My twins are 18 months old and already have a real passion for books thanks to our local library, which is under threat of closure.
So I would like to ask Ed: once the library closes, where else can I take my children to use free books, with trained staff on hand to help them on the start of their 'reading journey'?
i have used public libraries all of my life it seems, and both of my children had their own tickets at 6 weeks old, i and many other people like me are trying our very best to raise well educated children, and i firmly believe that without access to books that would never happen, we can't all afford private education like you probably had, and we can't all afford to buy the sort of books you can borrow from the library, so why are you closing them, stop wasting money on stupid stuff and spend it where it will do the most good!
I was going to post the same as BookwormSW11 - see post of Thu 27-Jan-11 22:48:17 .
Just to add, telling children from a deprived and often dangerous-after-dark estate that they can visit another library, over 1/2 a mile away, which would entail them walking under railway bridges and across busy roads, to do their homework, access books, librarian resources and the internet is not a solution.
Nor is providing "children's outreach services," whatever they may be, in lieu.
I am pleased to see my question about cutting funding to specialist music colleges has already been asked.

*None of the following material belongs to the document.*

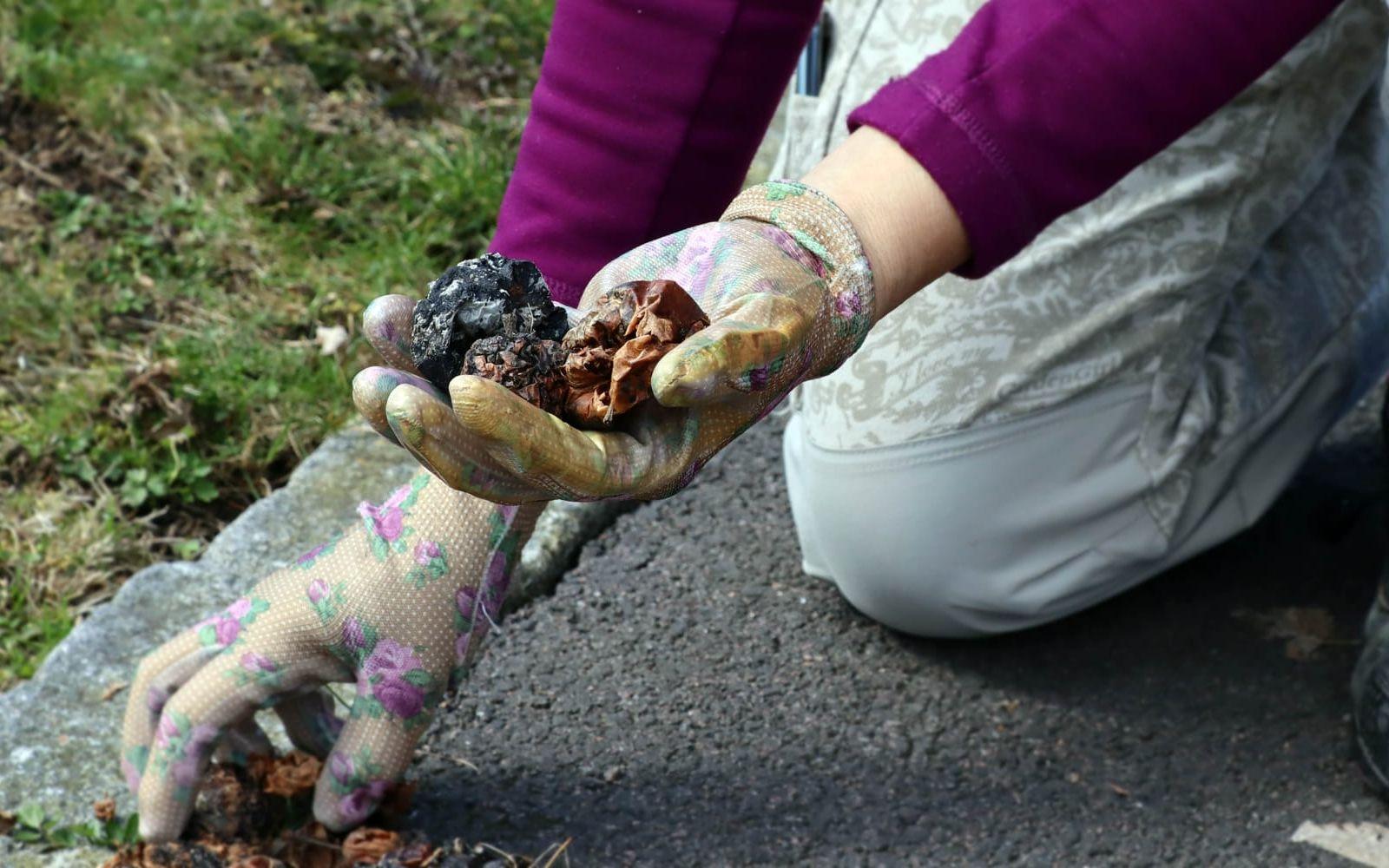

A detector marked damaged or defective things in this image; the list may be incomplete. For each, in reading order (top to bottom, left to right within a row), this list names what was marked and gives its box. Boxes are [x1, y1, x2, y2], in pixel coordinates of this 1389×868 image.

black charred lump [408, 253, 566, 391]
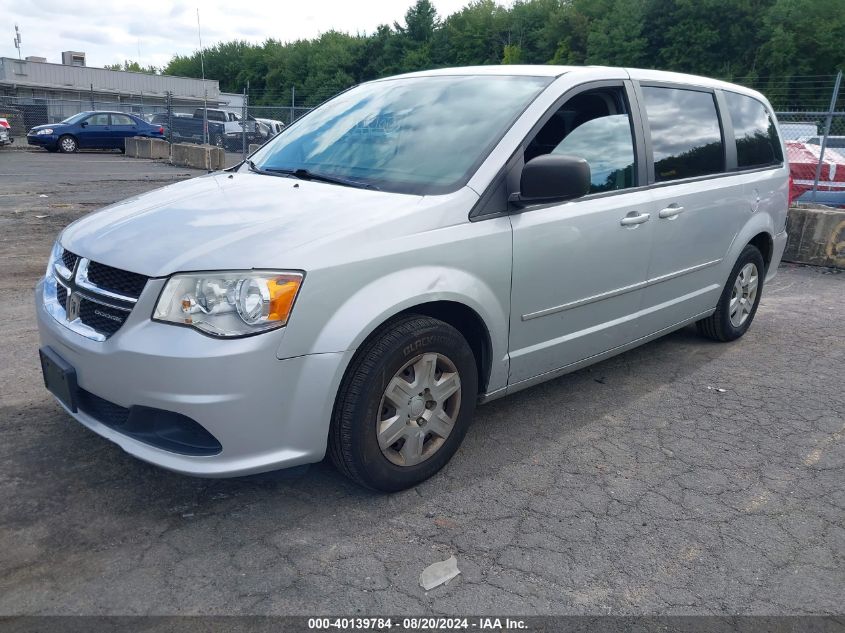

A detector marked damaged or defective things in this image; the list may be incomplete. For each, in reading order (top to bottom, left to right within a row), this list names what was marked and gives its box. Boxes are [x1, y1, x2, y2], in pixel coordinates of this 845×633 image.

cracked asphalt [1, 148, 844, 612]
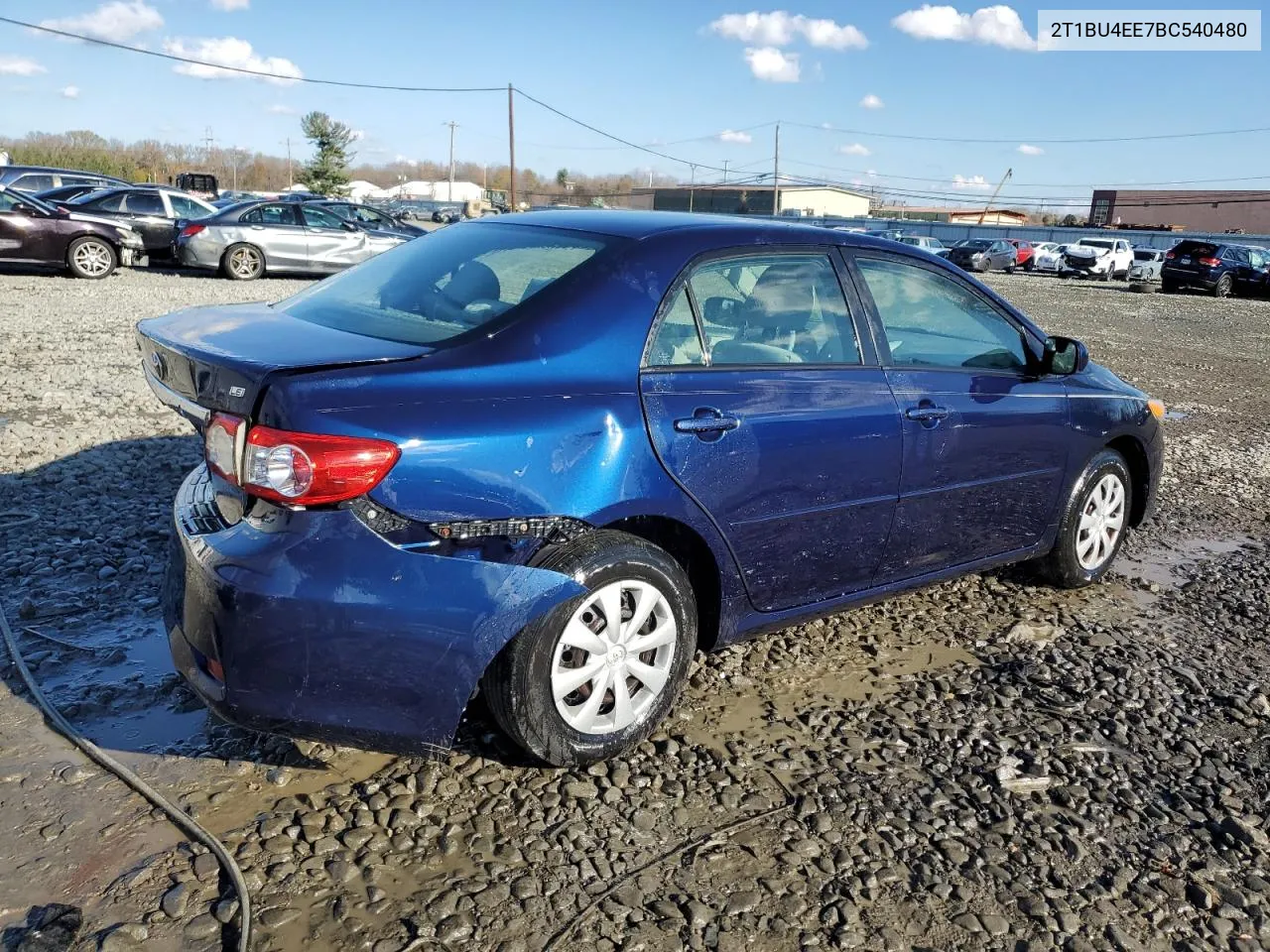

Instead therefore I'm going to ask a question about broadband access. How does the Government plan to help people get access not just to broadband but affordable broadband? We have satellite broadband through the Scottish Broadband Reach project and we pay £35 a month for a distinctly flaky connection that cannot deliver streamed video at all. 2MB would cost well over £40 a month. <Hold on Mr Vazey, don't bat it back saying that's a Scottish problem - there will be rural communities in England with the same issue.> It's all very well getting everyone access to broadband - how are you going to make it affordable for all and address the huge divide between cheap superfast in the towns and expensive barely a crawl in areas like mine? The market is not going to deliver improved landline broadband, certainly not for small and ancient rural exchanges like mine.
I have read that you plan to scrap the idea of net neutrality (for those that do not know, this means that websites will have to pay Internet Service Providers for delivering their content. A big business with lots of cash will be able to afford to pay top whack and will therefore have its pages loaded faster onto your screen than a smaller, poorer rival).
Potentially this means that there will be a two tier internet. With big business being able to provide easy access to its content and small business/charities/individuals only being able to offer slow loading pages. The consumer will soon get irritated by the slow access to some information so will start avoiding the pages of smaller companies thus disadvantaging them ever more.
Even the US Government thinks net neutrality is of supreme importance so that all information is equal. That is the magic of the internet. Can you please explain why you are willing to undermine equality on the internet in favor of big business? Please don't use technical gooblidook in your answer in the hope of boring people to death so they continue to ignore this really important issue.